In another important shift from the previous Pioneer and Shared Savings Program models, Next Generation ACOs will be required to operate under risk-based contracts with commercial payors, in addition to governmental payors. By instituting this requirement, CMS appears to be attempting to stimulate similar cost-reduction models in the private health care insurance sector as well. This requirement, however, may be an impediment to forming a Next Generation ACO in areas where such risk-based provider contracts are less prevalent.

Due to the specifics of the new model, particularly the heightened risk ACOs will be required to assume, the Next Generation ACO will likely be most attractive to large provider organizations that have experience in delivering advanced coordinated care to specific populations.
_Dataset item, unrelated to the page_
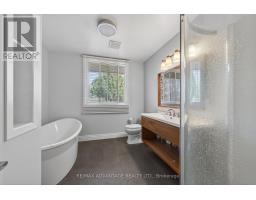 44 NORTHCREST DRIVE - 23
Provider groups must have a beneficiary population of over 10,000 to be eligible to qualify as a Next Generation ACO. The Shared Savings and Pioneer models require only 5,000 beneficiaries to qualify.

CMS has stated that it expects 15 to 20 providers to participate in the Next Generation model. CMS will accept applications in two rounds, on June 1, 2015 and June 1, 2016. In order to be eligible to submit an application in the first round, interested organizations must submit a Letter of Intent by May 1, 2015. Applicant organizations that are accepted into the program are expected to commence operations on January 1, 2016.